Ladies and Gentlemen, DOV is having an in-person-only annual meeting. This is irresponsible because there is no accurate prediction of the covid risk throughout the Spring of 2022. Mandating an in-person-only meeting is a form of discrimination.
It discriminates against shareholders over a certain age, for instance over age 60, and those who have a disability due to a compromised immune system. An in-person-only meeting is only for the young and healthy. And the young and healthy are the shareholders who are most likely to have a job that requires them to be on duty during normal business hours. The young and healthy are also the most likely to have daytime responsibilities for child-care and eldercare.
Plus the company has 9 directors beyond age 60, including 4 directors beyond age 72. Thus an in-person-only meeting puts the brain trust of the director body at risk. The solution would be to excuse the directors from the annual meeting, which raises the question of why force shareholders to attend an in-person-only annual meeting when the majority of the directors are absent. Plus the directors who are thus absent will not have remote access to the annual meeting.
The reckless disregard of Covid risk is even more egregious because management will not even alert shareholders in the proxy to the possibility that the annual meeting may be switched to an online meeting at the last minute due to public health concerns.
This is all the more important because in resisting proposals to require directors to obtain a majority vote for an election, managements at many companies claim serious harm from being deprived of the services of even one director.
— John Chevedden
Note the Australian Institute of Company Directors advocated to provide companies extended flexibility in preparing for the upcoming AGM season.
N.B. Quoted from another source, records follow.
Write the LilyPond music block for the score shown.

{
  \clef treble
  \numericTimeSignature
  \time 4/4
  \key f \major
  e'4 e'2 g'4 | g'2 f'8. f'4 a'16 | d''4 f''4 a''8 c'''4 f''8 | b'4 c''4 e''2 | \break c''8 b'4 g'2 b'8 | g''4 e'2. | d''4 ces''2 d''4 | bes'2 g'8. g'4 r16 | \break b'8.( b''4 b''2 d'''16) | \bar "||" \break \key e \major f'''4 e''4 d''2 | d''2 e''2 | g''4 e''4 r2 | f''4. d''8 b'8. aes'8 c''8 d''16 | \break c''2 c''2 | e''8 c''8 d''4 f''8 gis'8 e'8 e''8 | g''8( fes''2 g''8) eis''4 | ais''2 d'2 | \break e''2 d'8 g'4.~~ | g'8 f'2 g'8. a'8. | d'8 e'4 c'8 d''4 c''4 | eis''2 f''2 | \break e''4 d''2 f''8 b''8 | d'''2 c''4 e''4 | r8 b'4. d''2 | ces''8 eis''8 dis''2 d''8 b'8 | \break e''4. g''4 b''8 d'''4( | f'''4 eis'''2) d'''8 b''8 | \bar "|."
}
To mitigate the risks of COVID-related impacts on the upcoming AGM season, ASIC’s Corporations (Virtual-only Meetings) Instrument 2022/129 provides the following relief:
- all listed companies, together with listed and unlisted registered schemes, will continue to have the option to hold virtual-only meetings until 31 May 2022 (an additional two months); and
- all unlisted companies will have the extension until 30 June 2022, which aligns with the extended deadline for unlisted public companies with 31 December 2021 year ends to hold their AGMs.
I would bet many other countries provide options.
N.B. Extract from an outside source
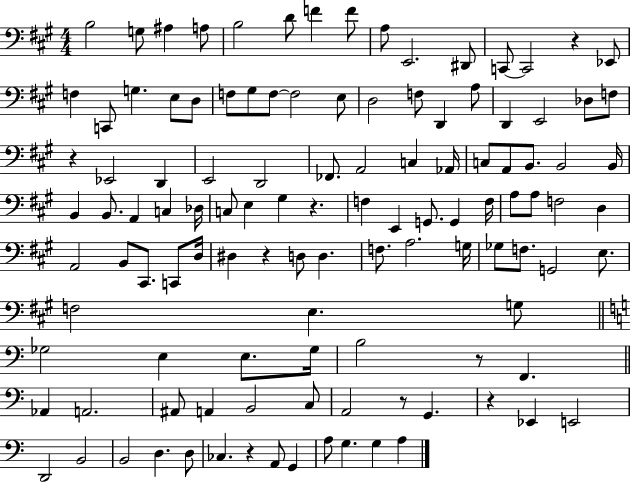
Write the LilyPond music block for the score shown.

In-Person-Only AGM: My Own Position
I have always advocated for hybrid meetings, which allow the greatest flexibility to attend in person or online. I am beginning to see the possibility of virtual-only meetings if they meet a number of conditions. All meetings should:
- Allow adequate time after the last presentation for shareholders to vote
- Discourage cherry-picking questions. For example, displaying all questions asked to attendees and the press
- Provide a separate Q&A session for items to be voted on before the polls are closed
- Include the ability of shareholders to converse with each other and with company representatives using programs such as Gather or Bramble. Know of any public companies using such participatory software? Please let me know. I would like to invest in such companies.
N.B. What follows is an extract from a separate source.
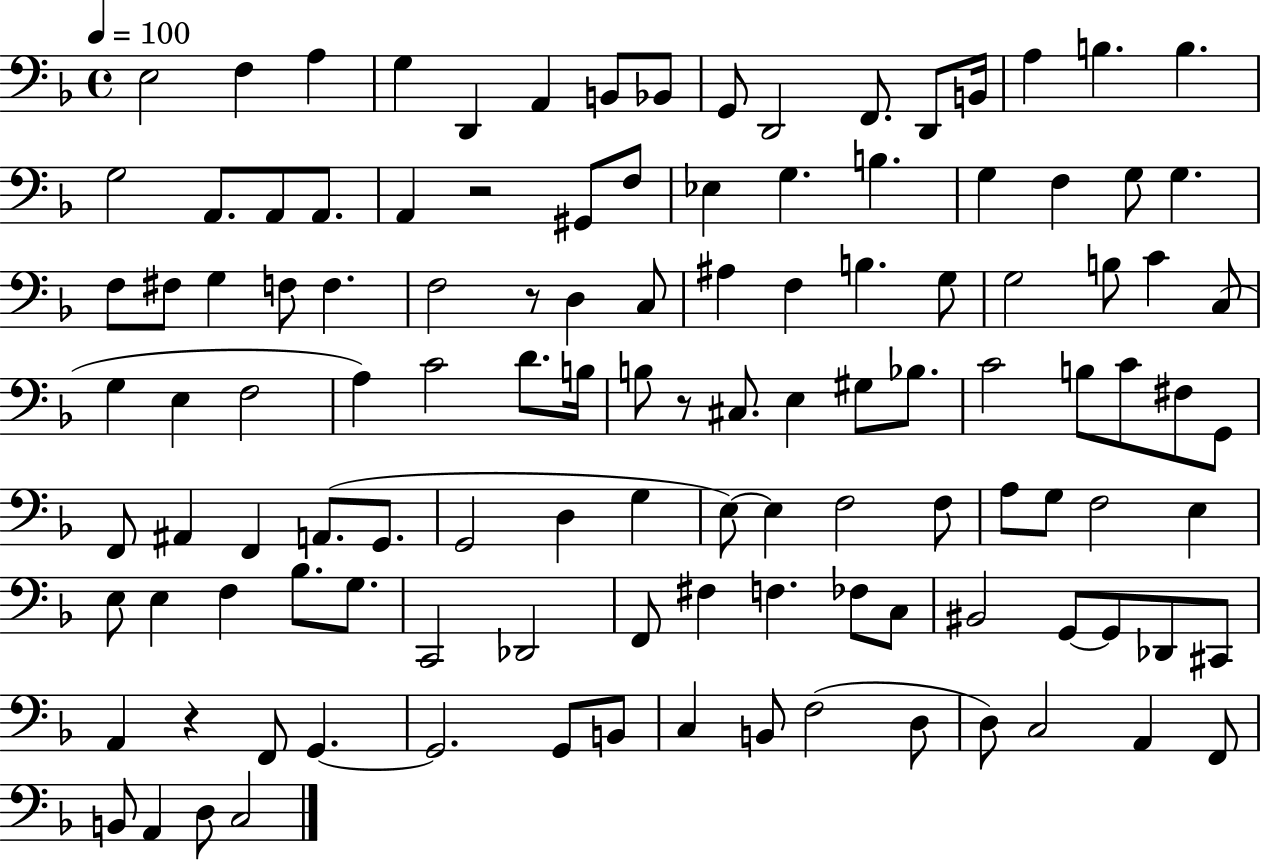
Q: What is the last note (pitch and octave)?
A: C3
“The overwhelming number of deaths, over 75%, occurred in people who had at least four comorbidities, so really these are people who were unwell to begin with,” according to CDC Director Dr. Rochelle Walensky, when discussing a study during a television interview that showed the level of protection vaccinated people had against severe illness from covid. Clearly there is a continuing need to protect those of us with compromised immune systems from undue risk. Dover Corporation’s reckless disregard should be condemed loudly so that others do not follow a similar path.